To start, examine your essay question and underline key words so you know exactly what to address. Next, decide your approach to the question as this will form the argument, or thesis, of your work. You can then refine your essay into themes or subtopics that relate to the question. Doing this will create a ‘skeleton’ that you can fill in during the research and writing stages.
If you're feeling lost or need clarification, book a consultation time with your tutor who can help guide you in the right direction. It’s best to do this in advance and not too close to the due date, so you are able to make the most from the advice you receive.
At the University of Sydney, we are incredibly lucky to have a comprehensive online database of academic papers as well as fantastic physical copy resources. During the research stage you should reflect upon your ‘skeleton’ essay that you drafted during preparation. What academic papers or scholarly opinions address the themes or subtopics of your essay? Gather an assortment of references and place them under the relevant subtopics.

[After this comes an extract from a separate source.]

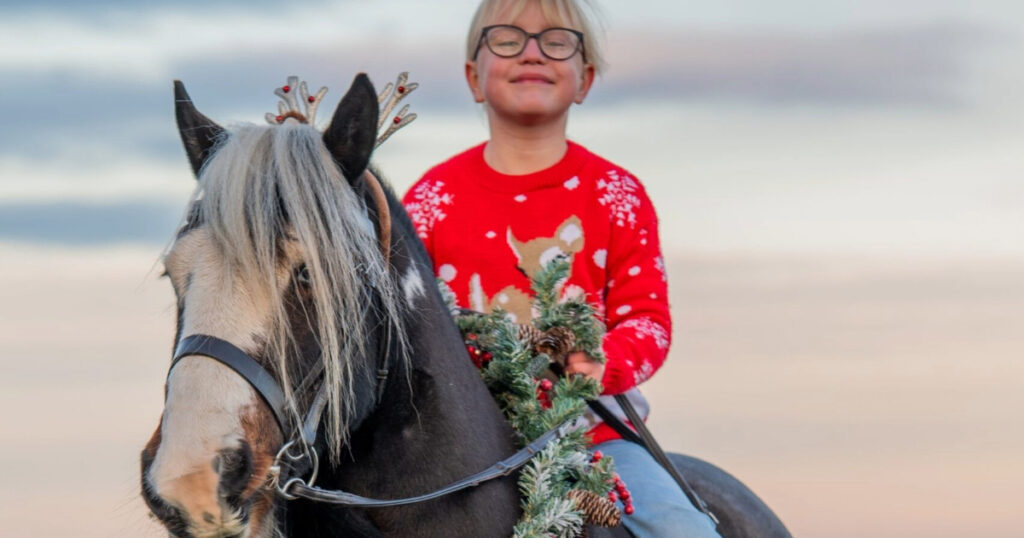 young girl wearing a christmas jumper sat atop a cob with a wreath around his neck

Ensure that you select a variety of references that both agree with the position you're taking in your essay as well as ones that challenge your views. Engaging with different viewpoints will help you to develop a critical perspective.
Don’t worry if what you write isn’t perfect yet – it’s a first draft you can polish up during the editing and proofreading stage. Always keep your thesis in mind when you’re writing, and link each point back to your central argument. This will make your essay convincing and easy to follow, which in turn makes it easier for your tutor to award you marks. Make sure that you correctly reference any quotes or citations that aren't your own opinion.
During this stage you should read your essay more than once. This will help you to notice any spelling or grammatical errors. Reading your essay out loud can also be beneficial, as it’s easy to skim past mistakes when you're editing your own work.
Finally, check your references. Referencing can be daunting at times, especially if you have to write pages of references manually. I would recommend using an automatic referencing system such as EndNote free to download for Sydney Uni students. The software can generate references in the style you need and will increase the accuracy of your referencing – but you should always double check these references are correct.